Raisons : le mari semble être le père à cause du devoir de cohabitation et de fidélité ; dans la réalité, c’est le cas dans la majorité des situations.
L’article 312 du Code Civil dispose ainsi que l’enfant conçu ou né pendant le mariage a pour père le mari. On combine cette présomption avec celle omni meliore momento et celle relative à la période légale de conception. Cela permet de fixer la date exacte de la conception de l’enfant dans l’intervalle de 300j à 180j à compter de sa naissance selon ce qui paraît le plus conforme à son intérêt (article 311 alinéas 2 du Code Civil).Ces 2 présomptions sont réfragables (article 311 alinéa 3 du Code Civil).
(Exemple : l’enfant qui naîtrait quelques jours après l’expiration du délai légal de 300 jours peut toujours rapporter la preuve que sa grossesse a été tardive. Une fois cette preuve rapportée, la présomption de paternité pourra s’appliquer.)

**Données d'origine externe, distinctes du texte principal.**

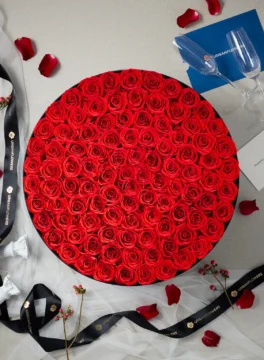 99 preserved red roses in a black box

Intérêt : dès qu’un enfant a sa conception ou sa naissance située pendant le mariage, l’enfant est présumé avoir pour père le mari. Il est du coup dispensé de rapporter la preuve directe de sa conception par le mari de la mère.(Même effet s’il y a annulation du mariage ; les effets du mariage putatif étant systématiquement maintenus à l’égard des enfants issus du mariage : article 202 du Code Civil). Mais cette présomption peut être écartée quand il y a de fortes raisons que l’enfant n’est pas des œuvres du mari.

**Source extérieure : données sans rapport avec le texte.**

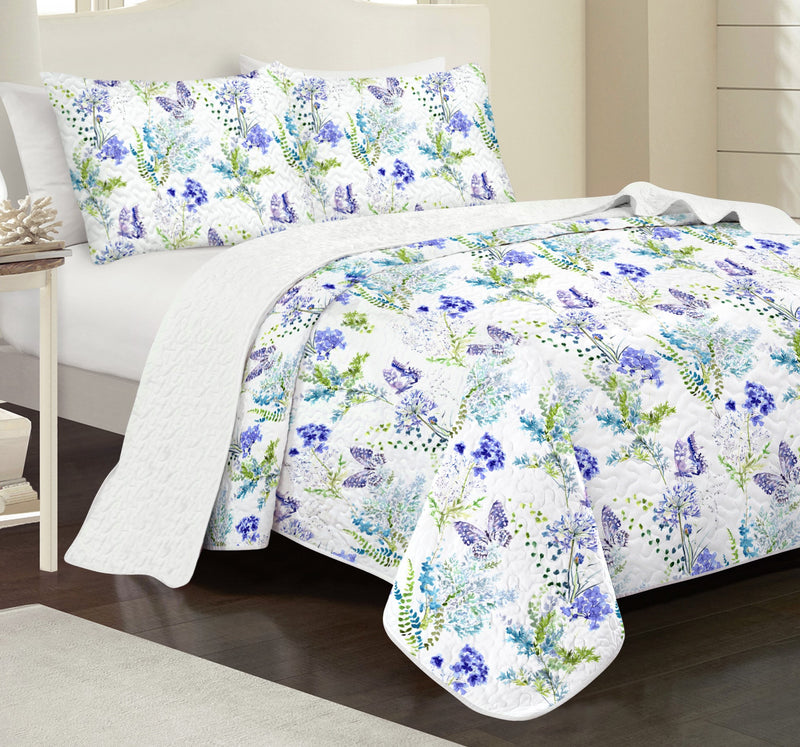 Caira Butterfly Floral Ultra Soft Quilt Set – Elise and James Home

II) La mise à l’écart de la présomption :
Le nouvel article 313 du code civil, issu de la loi no 2009-61 du 16 janvier 2009, ratifiant l’ordonnance no 2005-759 du 4 juillet 2005 portant réforme de la filiation, énonce désormais les deux cas dans lesquels la présomption de paternité est écartée :
- Lorsque l’acte de naissance de l’enfant ne désigne pas le mari en qualité de père. Ce cas d’exclusion de la présomption de paternité était visé par l’article 314, issu de l’ordonnance du 4 juillet 2005, avec alors une formulation différente : « la présomption de paternité est écartée lorsque l’acte de naissance de l’enfant ne désigne pas le mari en qualité de père et que l’enfant n’a pas de possession d’état à son égard ». Désormais, il faut donc et il suffit que le nom du mari en qualité de père ne soit pas mentionné dans l’acte de naissance de l’enfant pour que la présomption de paternité soit écartée.

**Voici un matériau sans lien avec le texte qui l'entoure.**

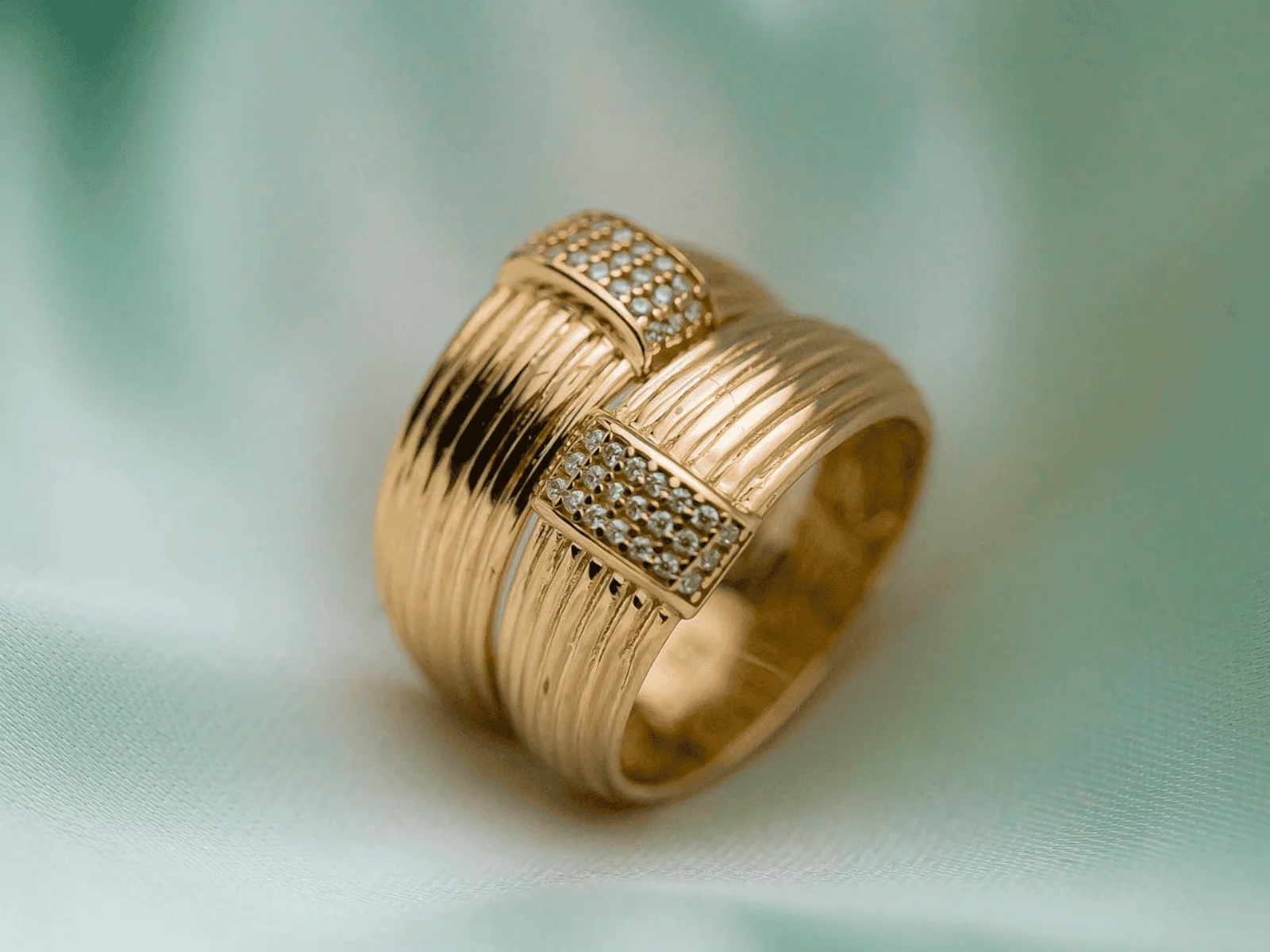 gold rings with pave diamonds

- Fondement :sans plus exiger l’absence de possession d’état à l’égard du mari, l’exclusion de la présomption du seul fait de la non indication du mari en qualité de père laisse comprendre que la naissance sera déclarée par la mère qui, volontairement, peut ainsi priver son mari de paternité et l’enfant de filiation paternelle. A priori cela suppose une conviction de la mère quant à la paternité de son enfant à l’égard d’un autre homme, du fait de ses relations avec lui pendant le mariage. La démarche volontaire recouvre par là même un aveu d’adultère, préservant l’établissement par ailleurs de la véritable filiation paternelle. Mais elle peut aussi traduire une volonté de la mère d’écarter la paternité de son mari pour ne pas avoir à en tenir compte par la suite, du fait d’une séparation des époux, déjà avérée, ou à venir. Plus rarement, sans doute, une telle déclaration de naissance émanera du mari lui-même, à moins qu’il ne veuille, ce faisant, formaliser son désaveu de l’enfant.
- Effet :au regard d’un acte de naissance n’indiquant pas le nom du mari en qualité de père, l’exclusion de la présomption de paternité est automatique (pour l’application de l’ancien article 313-1 du Code Civil. Elle ne peut plus être le mode d’établissement paternelle de l’enfant à l’égard du mari de la mère. Bien entendu, la filiation maternelle demeure établie en application ordinaire de l’article 311-25 du code civil. La filiation paternelle peut être établie par un tiers. Et le mari lui-même pourra chercher à établir sa paternité par d’autres moyens autorisés.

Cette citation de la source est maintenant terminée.